The Char Siu we know and love has its roots in Cantonese cooking, that which comes by way of Guangdong province, and its capital city, Guangzhou. Good Cantonese cooks are revered throughout China and the world. The hallmarks of the style are fresh, local ingredients, well balanced dishes, and preparations that compliment, but never overpower, the star of the show. Unlike many other Chinese cuisines, Cantonese cooking doesn’t use a lot of fresh herbs, relying instead on a litany of dried and prepared spices and sauces. Many of these are so mainstream that they are widely considered ‘Chinese’ by neophytes – everything from Hoisin, Oyster, and Plum sauces, to sweet and sour, black bean sauce, and shrimp paste. The master sauces from which a wealth of dishes spring is reminiscent of classic French cooking, right down to Master Stock, used for braising and poaching meats and fish.

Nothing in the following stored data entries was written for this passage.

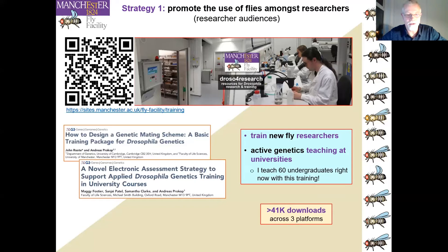The first, Droso for Research, has as its main engagement strategy our genetics training package, which now has 41,000 downloads across three platforms with very positive feedback from across the world. This training package is designed for newcomers to Drosophila, providing high-quality self-study-based training. It can also be used as an active genetics training package in university classes — I currently teach 60 undergraduates using it. If we all did this, we could educate thousands of people and prime them for Drosophila.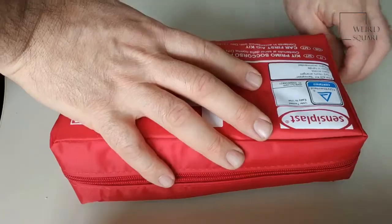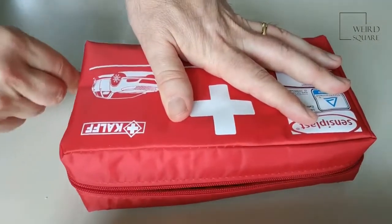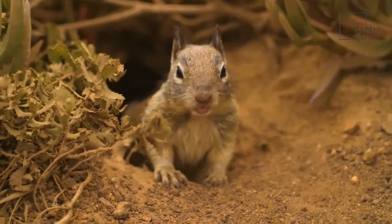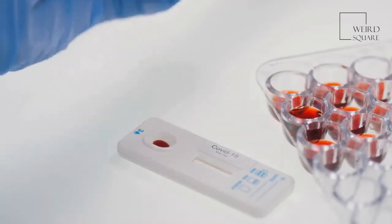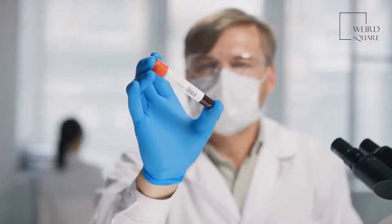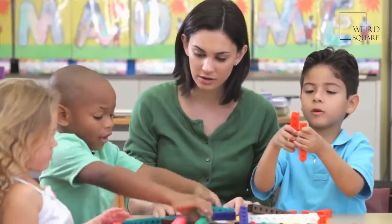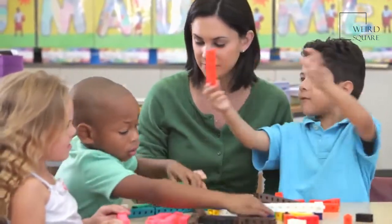A caracal carries her babies, called kits, for about 69 to 81 days. She finds an old den or burrow where she can give birth away from predators and other threats. Caracals can have from one to six kits in a litter, but most have just two. Each kit weighs about seven to nine ounces at birth — roughly the size of a pet hamster. The serval and the golden cat, close relatives of the caracal, have kits of about the same size.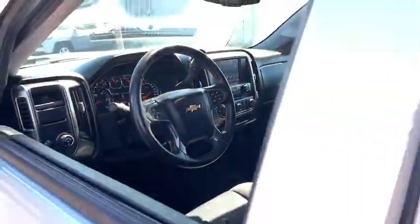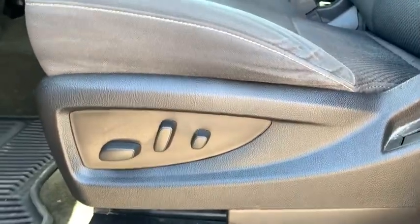This vehicle has less than 95,000 miles. Here are some of this vehicle's great options.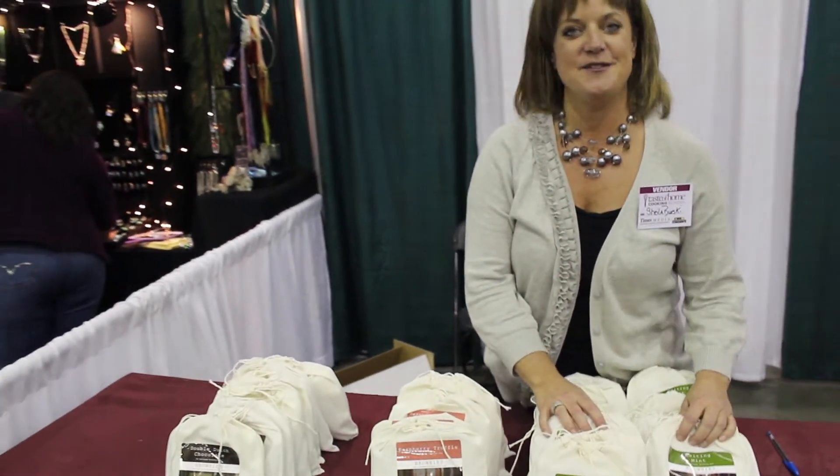Hey, I'm Sheila with Creative Bakery, and we are talking about brownies. We have double dutch raspberry and mint brownies, and that's a high-quality premium brownies mix.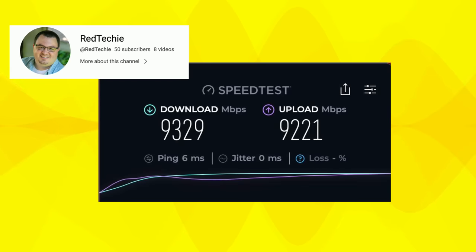A friend of mine around the corner also has this fiber optic service. His name is Red Techie — you can check out his YouTube channel and see all the cool projects he's got going on. As you can see, he's doing much better with his home-built PF Sense router, where he's getting pretty much the full potential of this 10 gigabit connection from Comcast.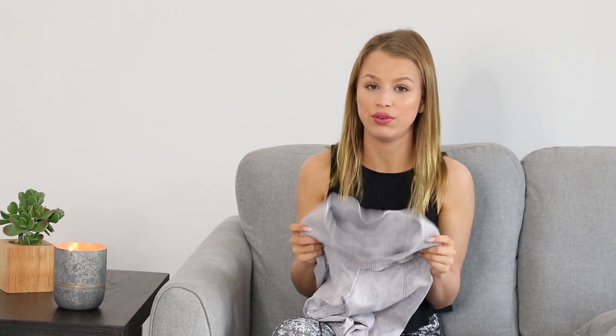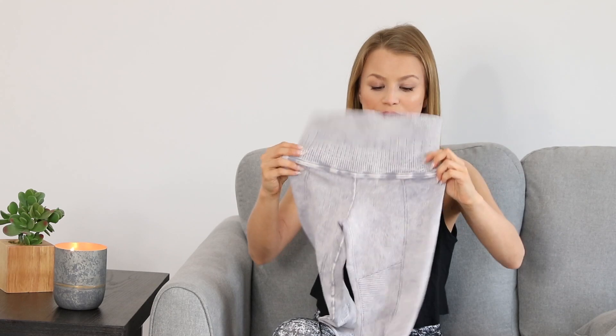They come in a ton of really cool colors and have a really unique vibe about them. I do recommend checking these out if you never have before.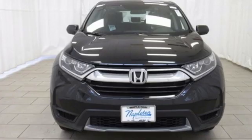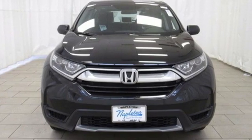Honda has a world-renowned reputation for reliability. You'll never know till you try. Test drive it today.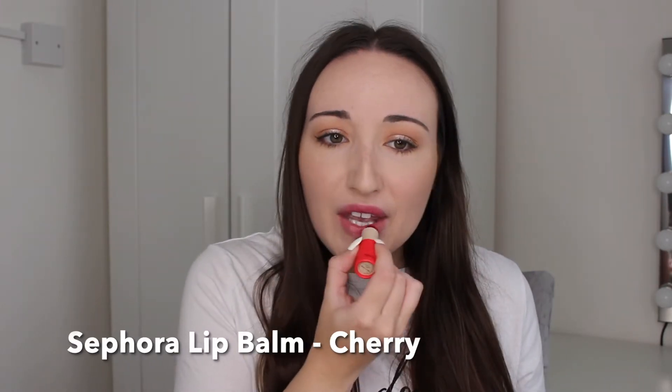First up is my non-drugstore one because it's from Sephora, but it's still affordable. It's the Sephora moisturising lip balm in the shade Cherry. As you can see, this is just a really hydrating, moisturising lip balm with a bit of colour — quite a lot of colour actually. I love this colour, it's perfect for the festive period. It smells amazing, smells of cherries, you can taste it too. And this is only $7 from Sephora.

Char Siu is, in fact, one of those master sauces, used for pork, chicken, and wildfowl. The combination of sweet, savory, and exotic is the fuel that makes the barbecued pork so damn good. There are a few things you must put into a Char Siu marinade in order to faithfully reproduce what’s in your minds eye, and a few others you can use if you wish – As with many dishes and cuisines, there really is no one right way – If you like it, make it that way, it’s all good. Traditionally, Char Siu is cooked over charcoal, and that is also for my mind, a must do when you make it at home. The meat isn’t smoked, per se, but it does get, (and need), that certain je nais sais quoi that only cooking over coals can provide. What’s often perceived as a smoke ring with this meat, a la American pit barbecue, is actually all brought on by the marinade – There are a lot of commercial makers who add some kind of red food coloring to the mix to enhance that effect – Naturally, we’re gonna pass on that option.
Here then is our spin on Char Siu. We recommend using pork tenderloin for the meat. It has the perfect size, fat to lean ratio, and relatively quick cooking time for this dish.
Char Siu Pork
1 1/2 to 2 pounds Pork Tenderloin.
2 Tablespoons dark Soy Sauce
1 1/2 Tablespoons Honey
1 1/2 Tablespoons Hoisin Sauce
1 Tablespoon Red Fermented Bean Curd
1 Tablespoon Peanut Oil
2 teaspoons Rice Wine Vinegar
1 teaspoon Oyster Sauce
1/2 teaspoon Chinese Five Spice
1/2 teaspoon sweet, smoked Paprika
1/2 teaspoon granulated Garlic
1/2 teaspoon Onion Powder
Combine all marinade ingredients in a small sauce pan over medium heat and bring to a simmer.
As soon as the sauce starts to simmer, remove it from heat and allow it to cool to room temperature – The cooking help homogenize the sauce, and the cool down allows flavors to further marry.
Place the pork and marinade in a ziplock bag and expel as much air as possible, (and if you’ve a vacuum sealer, so much the better.)
Gently massage the marinade onto the pork, coating evenly and thoroughly.
Refrigerate for at least 12 hours, and for my mind, 48 hours is best – The longer you go, the more pronounced the effect of the marinade on the pork.
Light a lump charcoal fire in a grill and allow the coals to become white hot.
Set up a two zone grill, with the coals all on one side, and a drip pan only under the other side – This is indirect grilling, and makes not only perfectly roasted meats, but almost eliminates the possibility of burning expensive flesh – Kinda like a convection oven, only way cheaper…
Open the bottom vents on the grill about half way.
Place the marinated tenderloins over the drip pan on the cool side of the grill.
Give them a baste with a little more of the marinade.
Place your lid on the grill, with the top vents over the meat, on the cool side.
Open the top vents about half way.
You do not need to turn the meat; check on it, and baste a bit, about every 10 to 15 minutes.
Use all the remaining marinade to baste.
When the internal temperature of the tenderloin reaches 155° F, remove it from the grill and set it aside to rest for 15 minutes – DO NOT cut into the meat until it rested!
Cut the tenderloin on a bias, at about a 45° angle, and serve with rice and steamed veggies.